Vagrant is an amazing tool. It's quite substantially changed my workflows in a variety of areas. It's a particularly interesting tool for building packages or running tests across multiple OS's or distributions from a single set of scripts.
A recent example of the usefulness of Vagrant is the new packaging and testing work undertaken in the Sensu project. The project set out to build a new set of native OS packages with a goal of making Sensu easy to deploy on a variety of platforms and without a lot of the friction that sometimes accompanies Ruby apps. As part of the packaging effort we needed a simple mechanism to build native packages on the relevant platforms, ie: .deb's on debian and .rpm on redhat/centos.
We ended up using a combination of Vagrant and some homegrown tools such as Bunchr.

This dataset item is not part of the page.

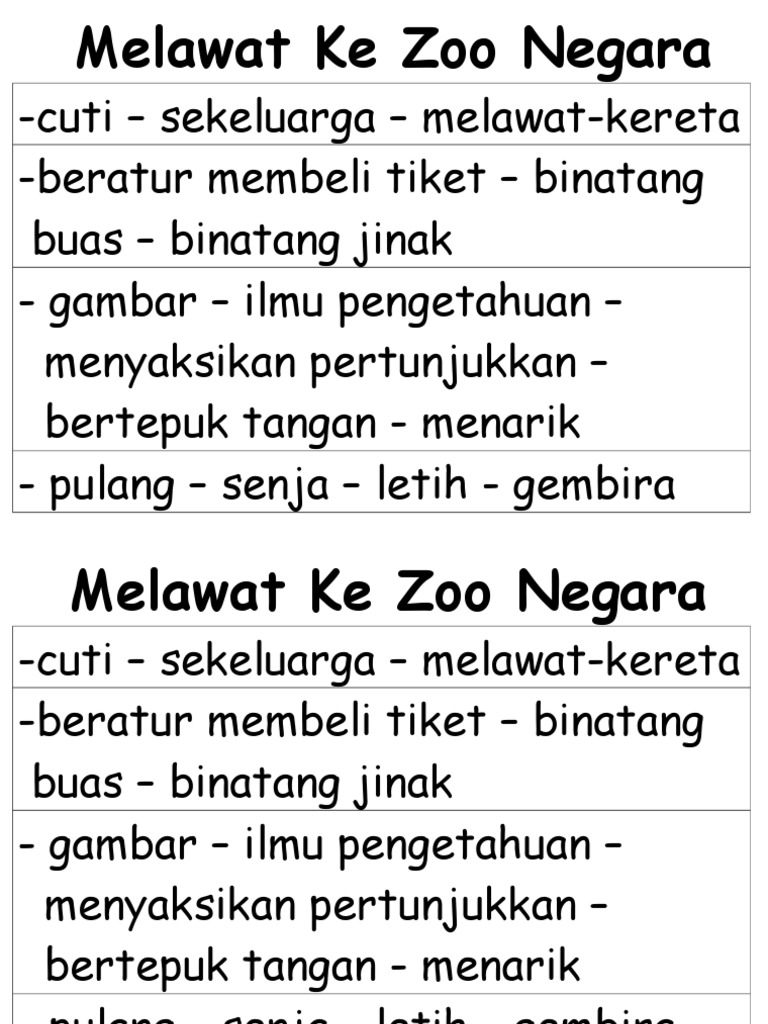 Melawat Ke Zoo Negara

You can see the work in these 2 repos:
Both codebases contain a para-vagrant.sh script that is used in place of the normal vagrant up to kick off parallel provisioning tasks. sensu-tests is the more interesting example as it runs a set of rspec tests against Sensu across 14 VM's and this will likely grow to encompass other OS's in the future. The tests are executed as Vagrant provisioners (a combo of Chef and shell to call rspec).
The simplest way to use multi-VM's with Vagrant is the typical vagrant up. However, this will boot and run the provisioning tasks sequentially on each VM. With 14 VM's to test, this process can take a long time.
Can we speed this up? Yes. In fact we were able to reduce the time taken to run the sensu-build tasks from about 33 minutes to 12 minutes, and reduced sensu-tasks from almost 90 minutes to 15!